You likely have heard about the new shift in the credit card industry from magnetic strip to EMV chip cards. These cards have a small chip in them that facilitates communication to the payment card company in place of the magnetic strip technology that has been the industry standard for 25+ years. Historically, the motivating factor in large data breaches has been static data associated with payment cards. Once a thief breaks whatever security measure are in place and clones the magnetic strip of unsuspecting card holders that clone can be used over and over again which turn the fruits of the hacker’s labor into cash.

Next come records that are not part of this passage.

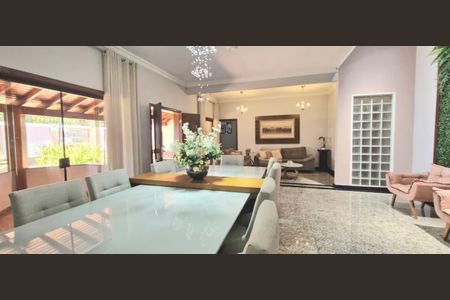 Sala de casa para alugar com 5 quartos, 305m² em Lagoa das Mansões, Lagoa Santa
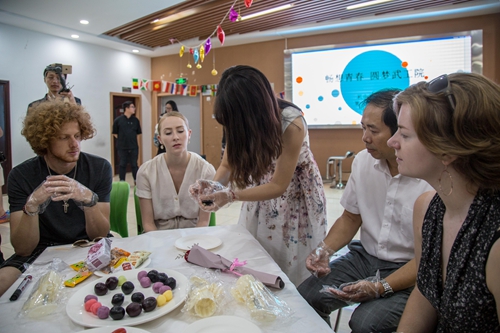 做月饼、许愿、唱中文歌 老外也来庆中秋 加拿大艺术家与武汉大学生一同过节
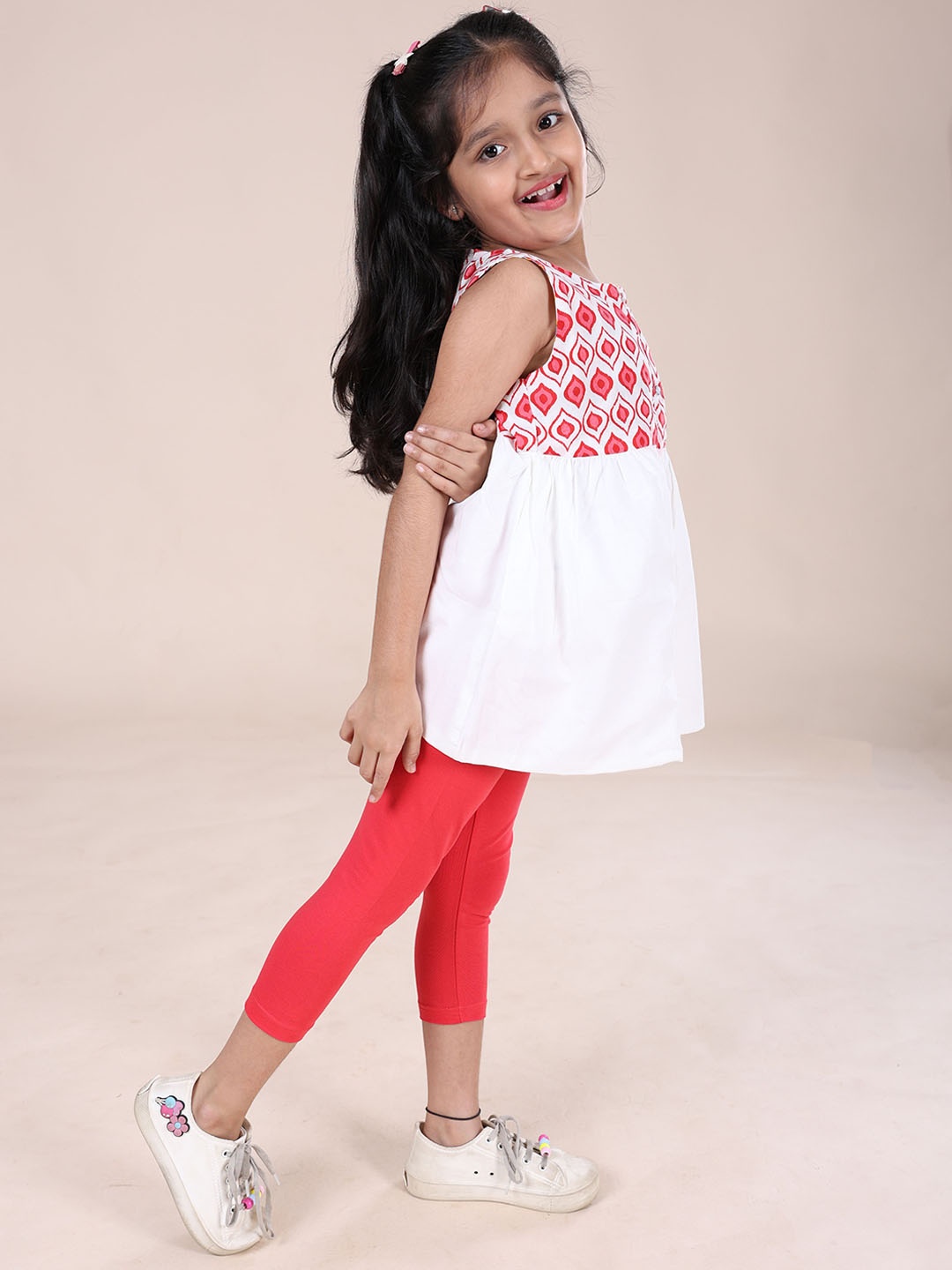 

KiddoPanti Girls Printed Top with Capris, Red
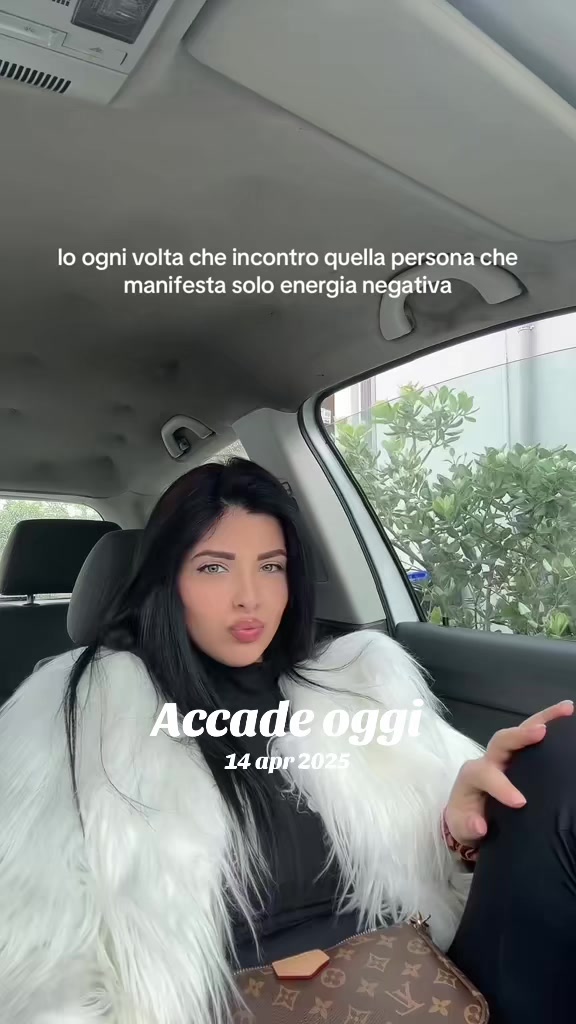 @𝓔.𝓑.🖤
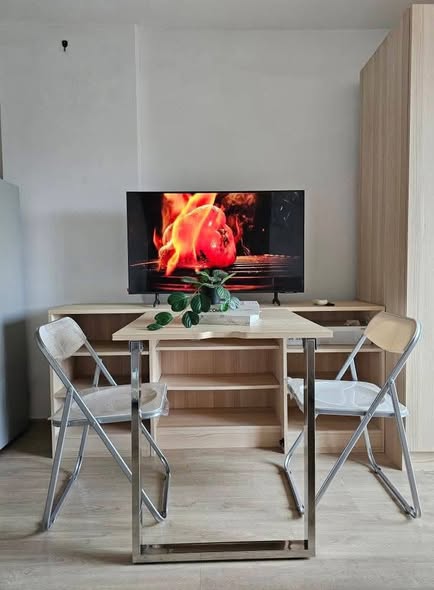 living room of Elio Del Ray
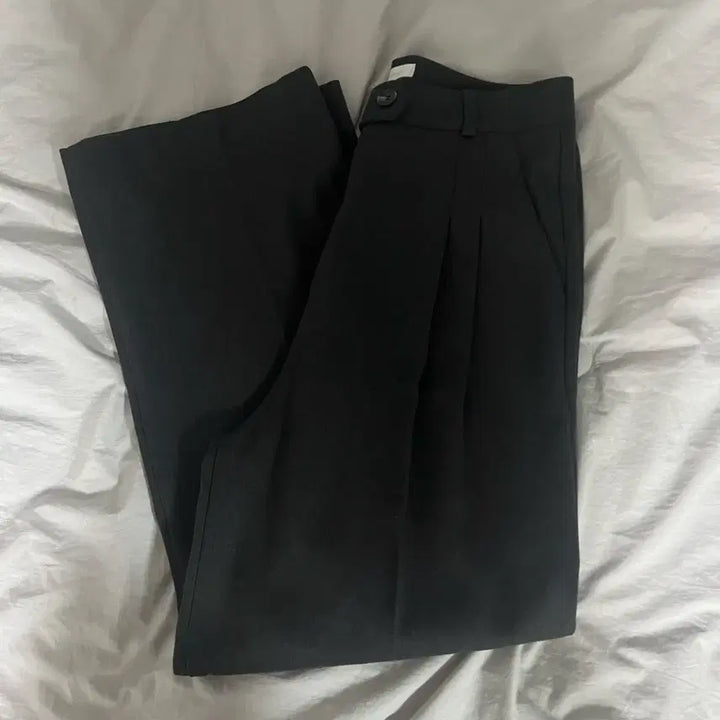 [BUNJANG] Merriaround Winter Two Tuck Slacks / 31일까지/ 메리어라운드 윈터 투턱 슬랙스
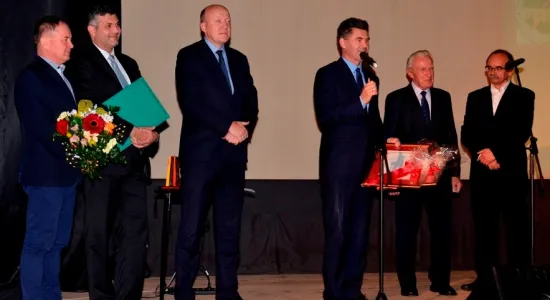 DSC200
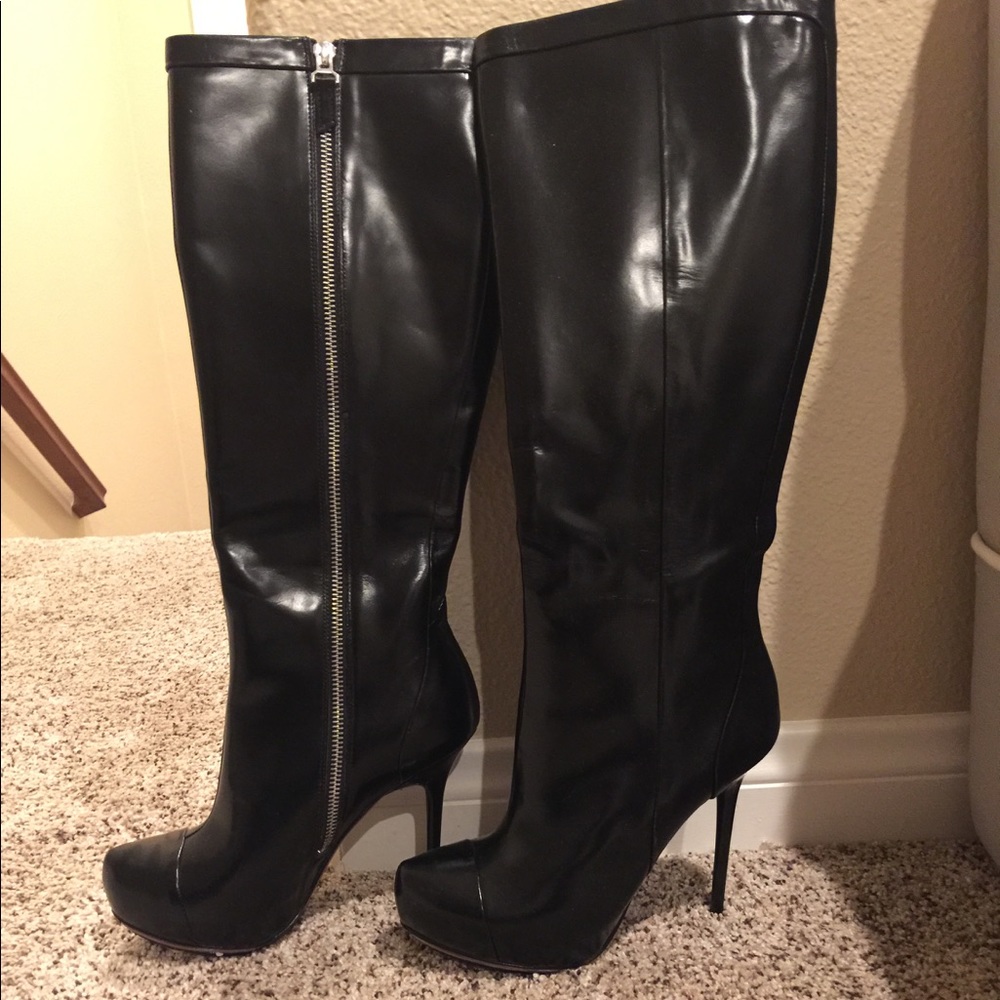 Badgley Mischka dune platform leather boots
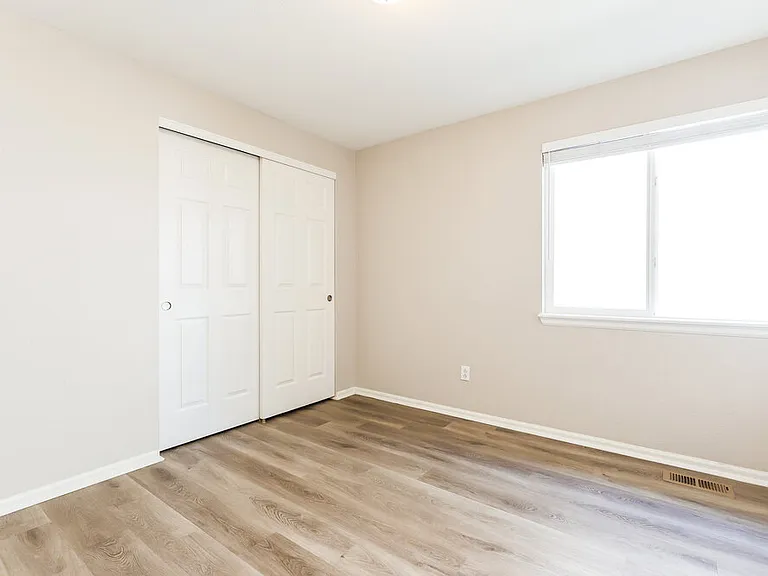 18284 Michigan Creek Way — Photo 12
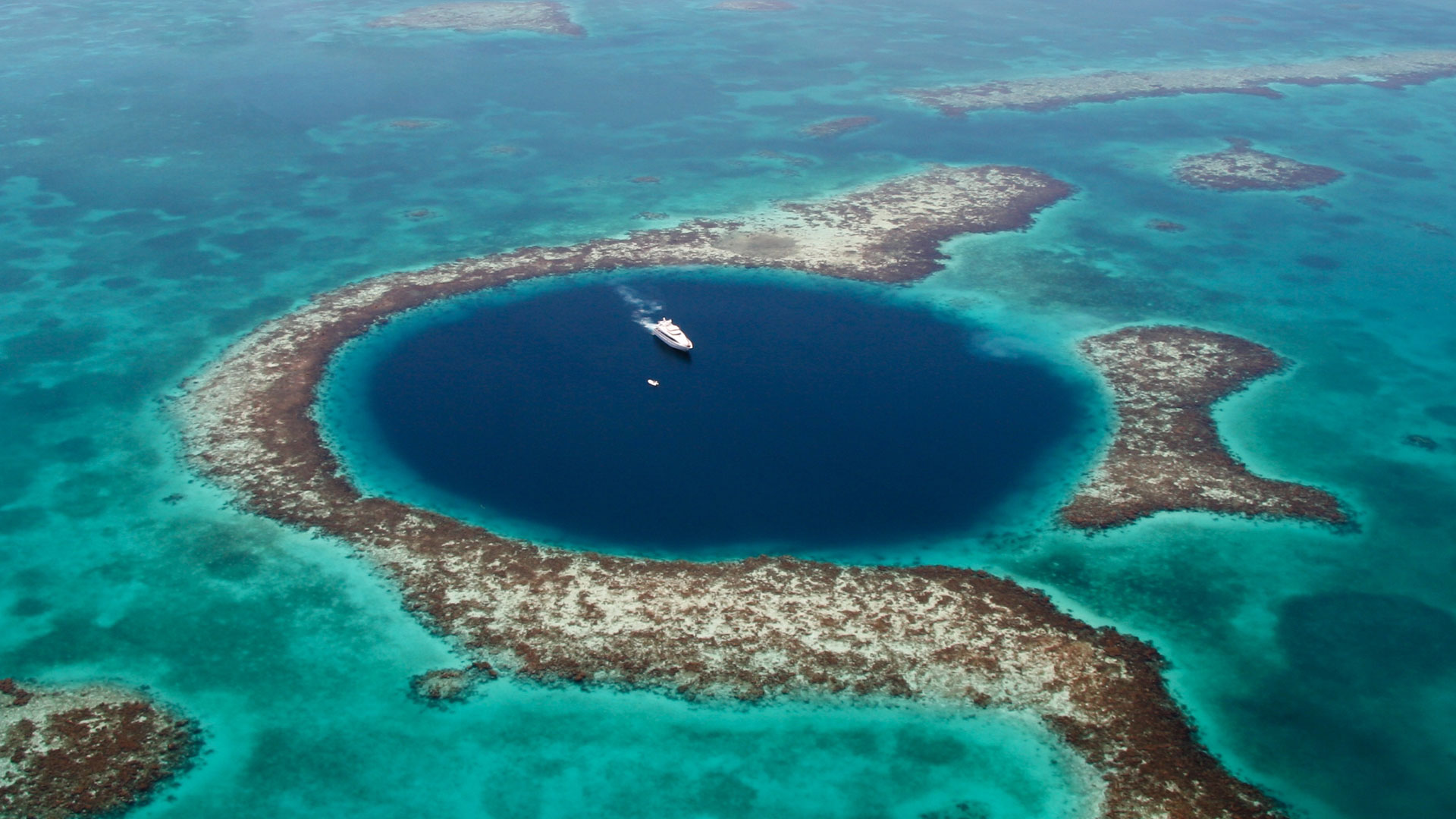 Great Blue Hole Wallpaper Hd - HD Wallpaper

That is about to change once the swipe is replaced with the dip. The major security benefit of EMV is that every time you make a purchase, a new unique transaction ID is used to facilitate the transaction with the retailer. That transaction ID is unique to that sale and will never be used again, making the data retained by the retailer useless to a hacker. This payment model is the same deployed by mobile payment services like Android Pay, Apple Pay, and Samsung Pay. The difference between these three lies in how the information is transferred to the Point of Sale machine but the payment model of unique payment ID numbers is shared among them.
There will continue to be security risks, and EMV is not a cure-all pill. It does nothing to improve the security of online payments and not all retailers will have EMV POS machines at launch, leaving those retailers not only vulnerable, but heavy targets for hackers. Expect breaches aimed at smaller retail operations that do not have the means to upgrade their equipment at launch because EMV enabled cards can still be swiped if a POS machine is not able to process EMV payments. Europe has been using EMV for several years and credit card fraud has dropped by as much 80%, so it is clearly a step in the right direction.